En 2022, Terra Nova publiait un rapport pour éclairer les enjeux de légitimité, de gouvernance et d’efficacité du secteur philanthropique au sein d’une démocratie. Trois ans plus tard, lors de notre dernière rencontre du Think Tank de la Philanthropie, Suzanne Gorge, directrice adjointe de Terra Nova, et Jean-Marie Bergère, membre du comité Acteur du changement, ont partagé leur vision sur l’évolution du secteur.
Le constat demeure partiellement inchangé : les deux visions antagonistes subsistent avec d’un côté, une philanthropie perçue comme vertueuse, porteuse de transformation sociale et complémentaire à l’action publique. De l’autre, celle d’une privatisation de l’intérêt général, parfois perçue comme contournant les mécanismes démocratiques. Entre ces deux pôles, plusieurs leviers d’action émergent tels qu’encourager une philanthropie plus participative, en valorisant les petits donateurs ; promouvoir une gouvernance plurielle et élargie, en y intégrant les bénéficiaires ; sensibiliser les acteurs publics et favoriser l’expérimentation sociale ou encore, instaurer un dialogue en continu avec l’État afin d’articuler au mieux les complémentarités. Enfin, la professionnalisation du secteur apparaît comme un enjeu indéniable pour assurer la qualité et la pérennité des actions menées.
Alors que le socle social est fragilisé, que les moyens publics se resserrent, la philanthropie devrait ainsi être amenée à se structurer, se positionner et s’engager. Non pas pour se substituer à l’État, mais pour contribuer à faire face aux grands défis collectifs, en adoptant une approche systémique. Une discussion passionnante en tandem, suscitant de nombreux débats avec les membres du Think Tank, à forte résonance avec l’actualité.
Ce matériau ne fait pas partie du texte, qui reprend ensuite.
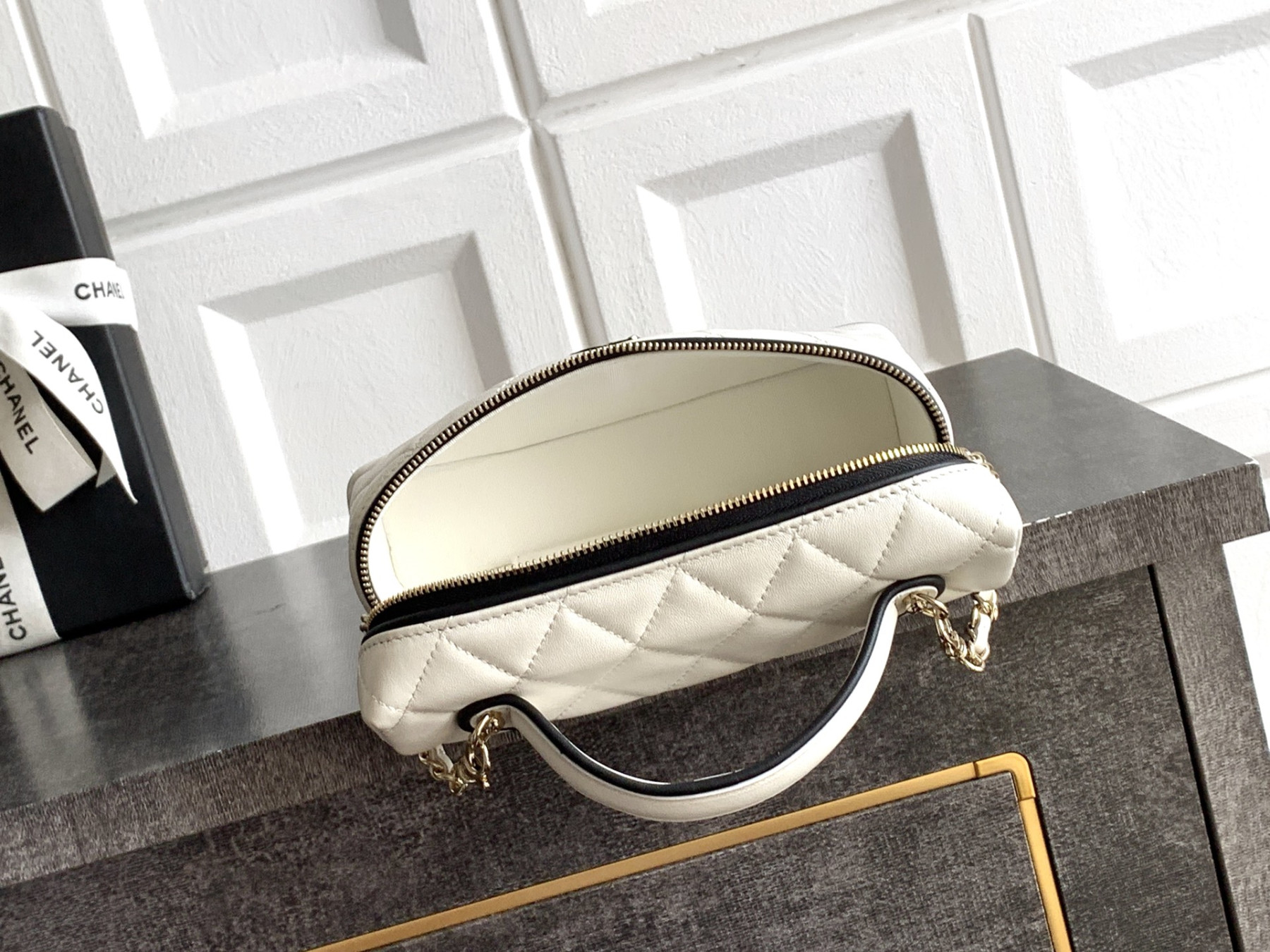 Ch**el vanity with chain ap5186 17x19.5x5cm
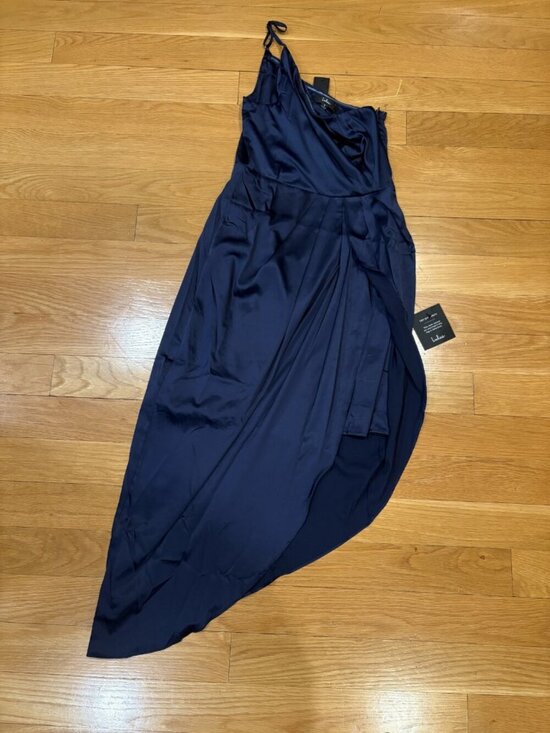 Lulus Dresses & Skirts - Lulus Size Small (S) One Shoulder Asymmetrical Hem Dress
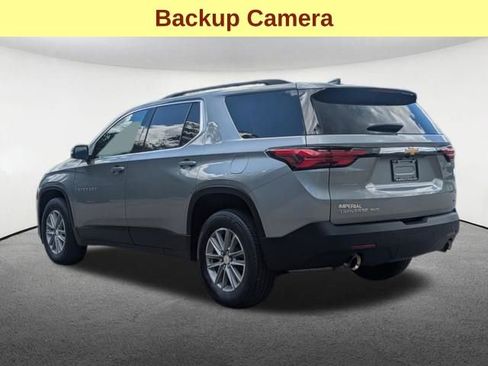 Used 2023 Chevrolet Traverse LT AWD/4WD image 7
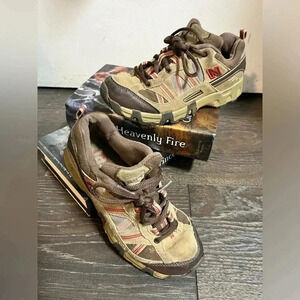 New Balance adventure boots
Comment intégrer de manière structurelle les enjeux environnementaux dans les pratiques philanthropiques, indépendamment de la cause soutenue ?
S’il y a bien un secteur pluriel, c’est celui de la philanthropie. Les missions et combats sont aussi variés que les modalités d’actions. Pourtant, il y a une problématique universelle qui prédomine : l’empreinte environnemental qu’elle génère. Les actions philanthropiques doivent la prendre en compte et tenter de la réduire. Et celle-ci ne se limite pas aux organisations où la mission même est d’agir afin de protéger l’environnement.
Le Think Tank de la Philanthropie a reçu Guillaume Decitre, philanthrope au parcours étonnant, qui intègre la dimension de responsabilité environnementale dans son combat pour la culture.
Après un début de carrière dans le domaine des technologies d’innovation, c’est lors d’un demi-tour du monde à la voile qu’il prend conscience des enjeux environnementaux. Par la suite, en dirigeant les librairies Decitre, il engage plusieurs initiatives philanthropiques avec la volonté constante de promouvoir l’accès à la culture.
Un échange passionnant et inspirant, où Guillaume Decitre illustre diverses actions philanthropiques entreprises, avec l’association Lire et Sourire, ou encore avec la Coalition française des fondations pour le Climat.